This seems to be a problem with the default wget command, not sure if there's a clean solution about this. Portage devs, what do you think?
Works just fine here.
I am able to reproduce the problem with wget-1.10 but wget-1.9.1-r5 works fine. Note that you can copy the FETCHCOMMAND and RESUMECOMMAND from make.globals and modify them in make.conf but that is not recommended for this particular problem.
This seems to happen whenever the server uses a self-signed certificate. The same error occurs with https://bugs.gentoo.org/. However, adding the parameter to the default configuration will likely break wget-1.9. Is it possible to patch wget to disable the issuer check by default?
(In reply to comment #3) > I am able to reproduce the problem with wget-1.10 but wget-1.9.1-r5 works fine.

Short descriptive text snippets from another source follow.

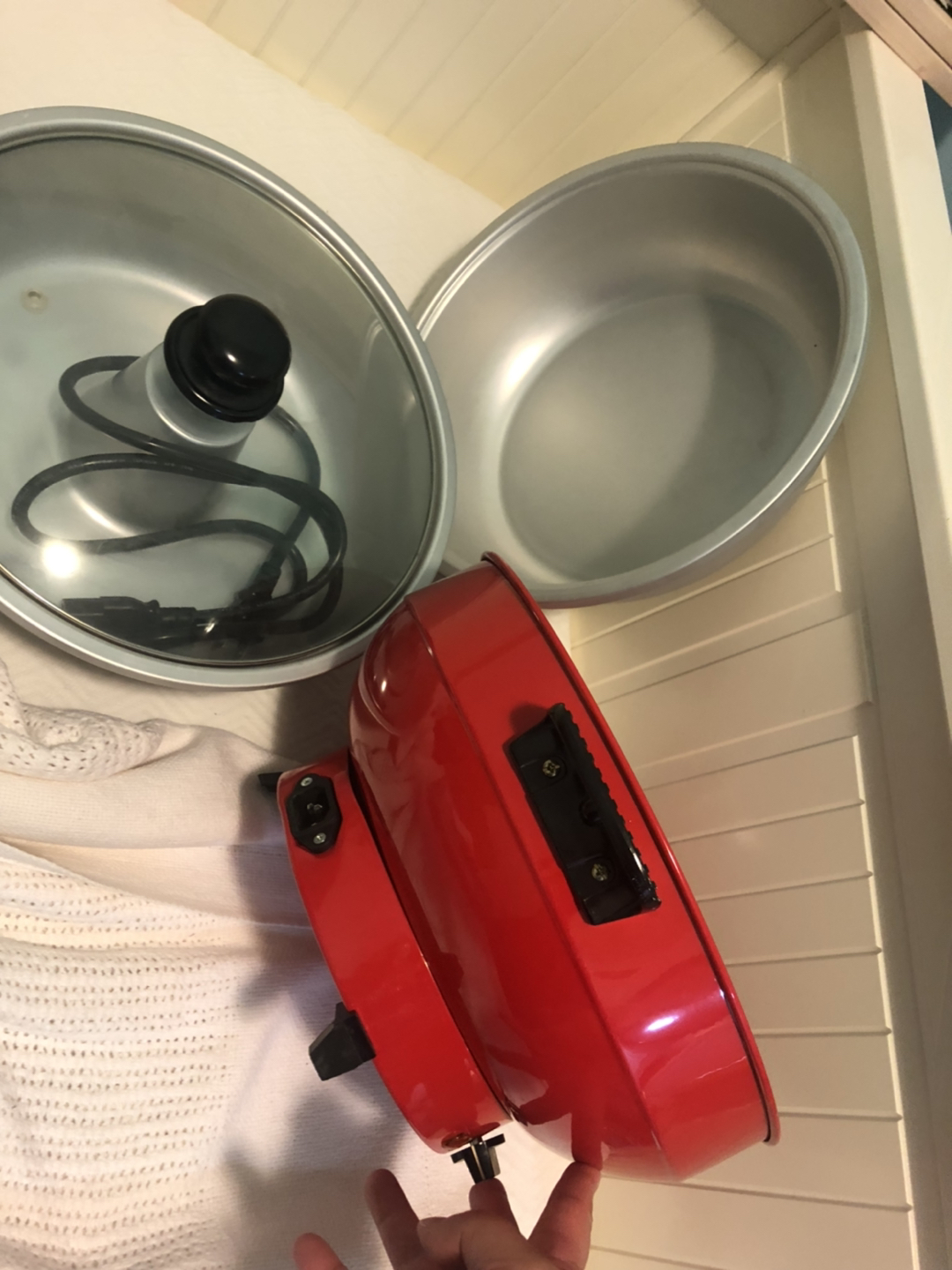 Electric Hot Pot thumbnail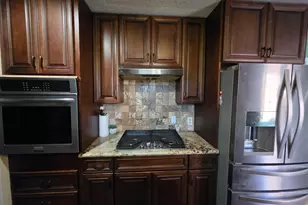 10403 White Clover Dr, Houston, TX 77089 - Photo 6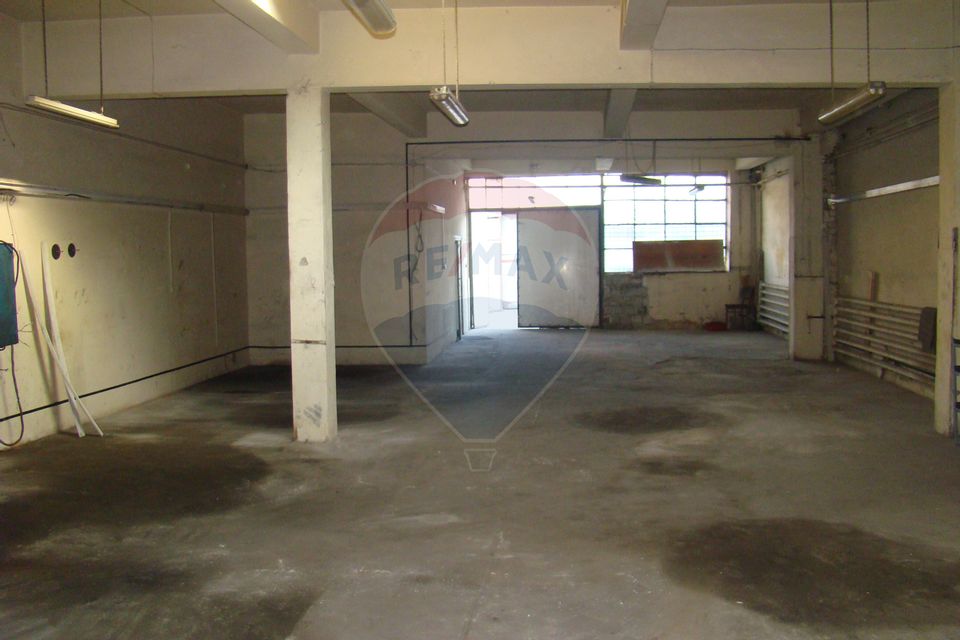 216sq.m Industrial Space for rent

I am using wget-1.10 with default configuration and cannot reproduce this.
Created attachment 65297 [details] emerge --info with broken wget-1.10 (In reply to comment #5) > I am using wget-1.10 with default configuration and cannot reproduce this. I have rebuilt wget-1.10 and I still get the same results with the default config. net-misc/wget-1.10 -build -debug +ipv6 +nls -socks5 +ssl -static
dev-java/jdictrayapi also suffers from this problem. Adding --no-check-certificate to FETCHCOMMAND solved this problem. [ebuild R ] net-misc/wget-1.10 -build -debug -ipv6 -nls -socks5 +ssl -static 3 kB
is there a reason a maintainer can not throw the file into distfile-local on tocun so servers will pick it up from there instread of trying to grab it from main site (seeding purpose)? I for one do not want to see --no-check-certificate add to default the user should have to accept the certificate ... worse case would be just to setup nomirrors in the ebuild pointing user to place to get file like a few of the java builds and other misc ebuilds are done.
dev-java/jdictrayapi is on the mirros I know http://distfiles.gentoo.org has it already and I am sure a few others out there do as well.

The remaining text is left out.